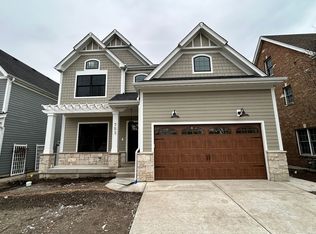 753 S Swain Ave, Elmhurst, IL 60126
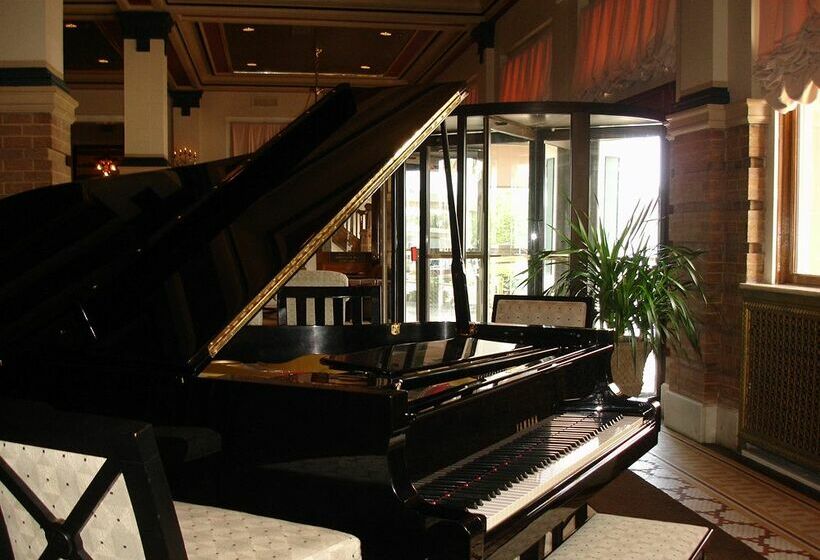 Pensacola Grand Hotel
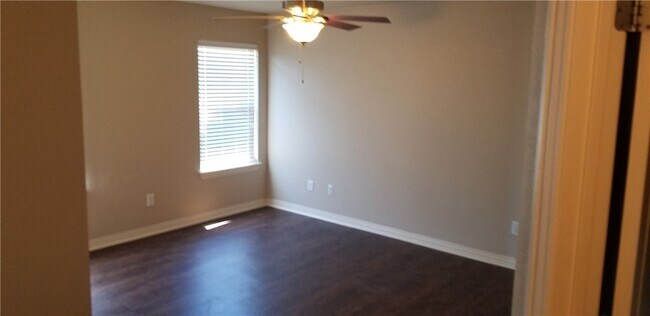 Building Photo - 631 N Longfellow Ln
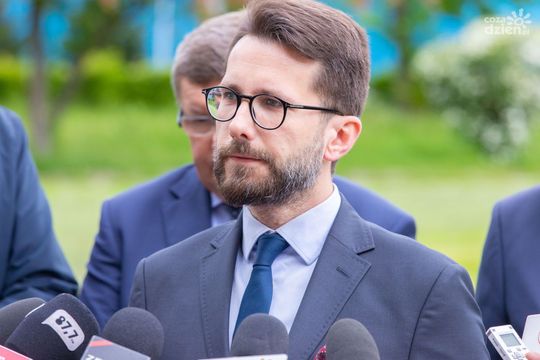 Analizujemy oświadczenia majątkowe posłów, senatorów i europosłów! Analizujemy oświadczenia majątkowe posłów, senatorów i europosłów!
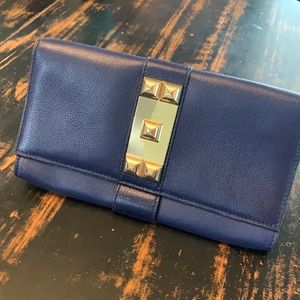 Blue leather Vince Camuto clutch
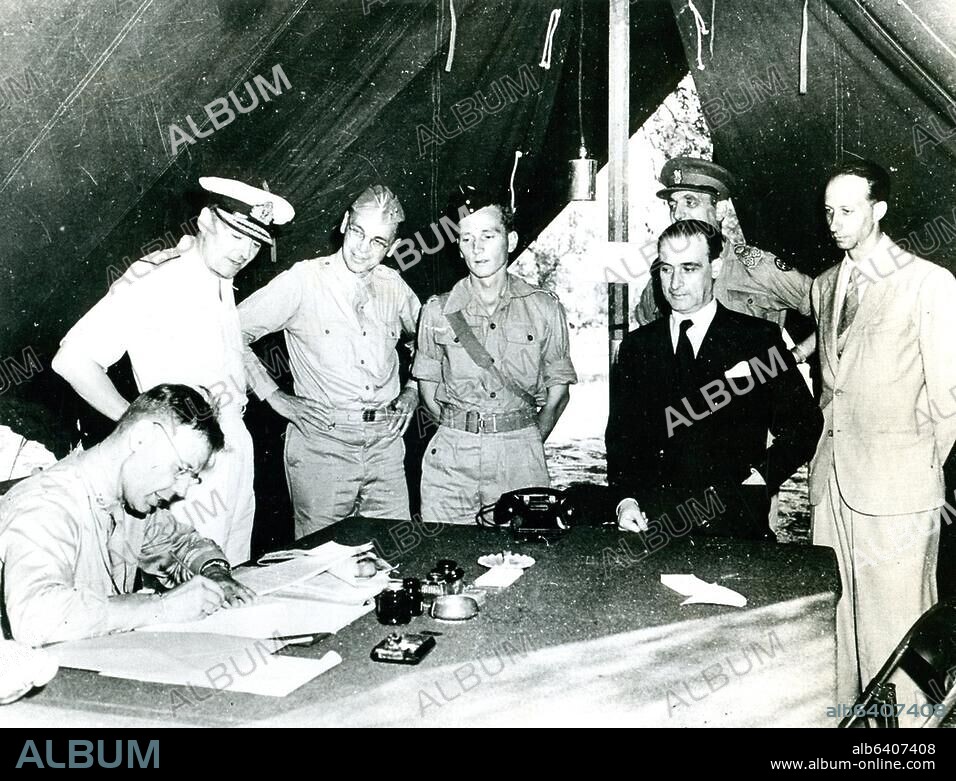 2. Weltkrieg / Italien: Nach der alliiierten Landung auf Sizilien am 10. Juli 1943: Waffenstillstand von Cassibile zwischen dem Königreich Italien (Regierung von Marschall Pietro Badoglio) und den Alliierten, 3. September 1943.-Die Unterzeichnung des Abkommens durch (v.l.) Generalmajor Walter Bedell Smith (USA), Kommodore ...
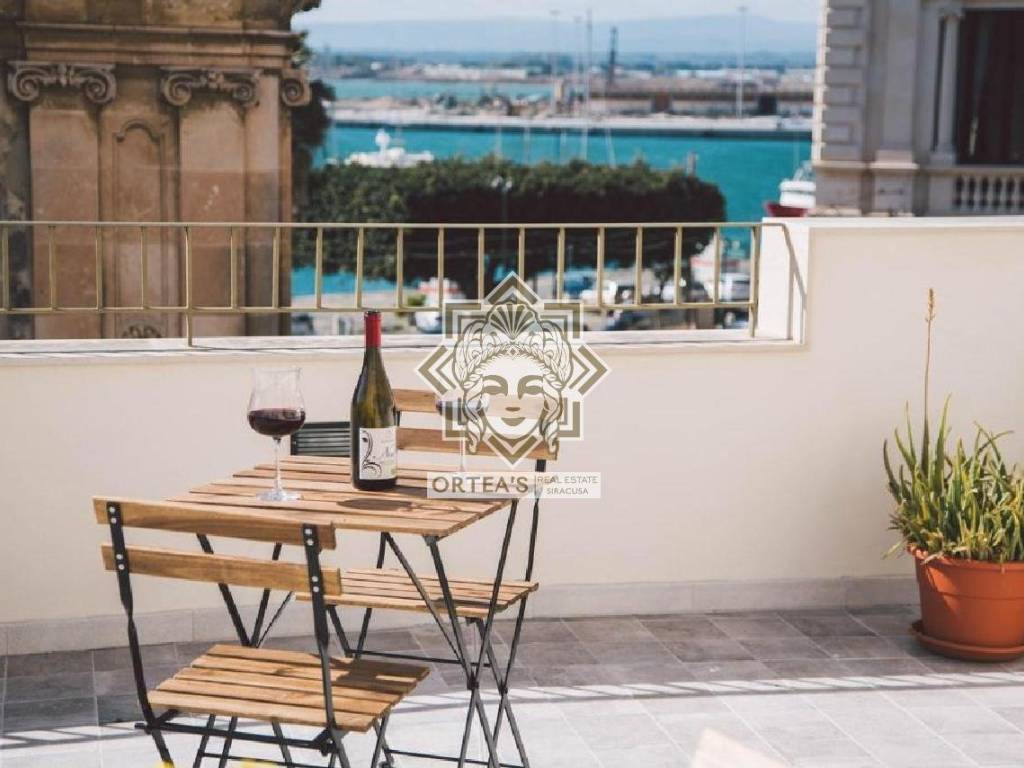 casa indipendente in affitto a Siracusa in zona Isola Ortigia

» **Task details**
Begin at the line containing "i europosłów! Analizujemy" and stop at the final line of the data. Retype those lines exactly, without the pictures.

» **Answer to this exercise**
 Analizujemy oświadczenia majątkowe posłów, senatorów i europosłów! Analizujemy oświadczenia majątkowe posłów, senatorów i europosłów!
 Blue leather Vince Camuto clutch
 2. Weltkrieg / Italien: Nach der alliiierten Landung auf Sizilien am 10. Juli 1943: Waffenstillstand von Cassibile zwischen dem Königreich Italien (Regierung von Marschall Pietro Badoglio) und den Alliierten, 3. September 1943.-Die Unterzeichnung des Abkommens durch (v.l.) Generalmajor Walter Bedell Smith (USA), Kommodore ...
 casa indipendente in affitto a Siracusa in zona Isola Ortigia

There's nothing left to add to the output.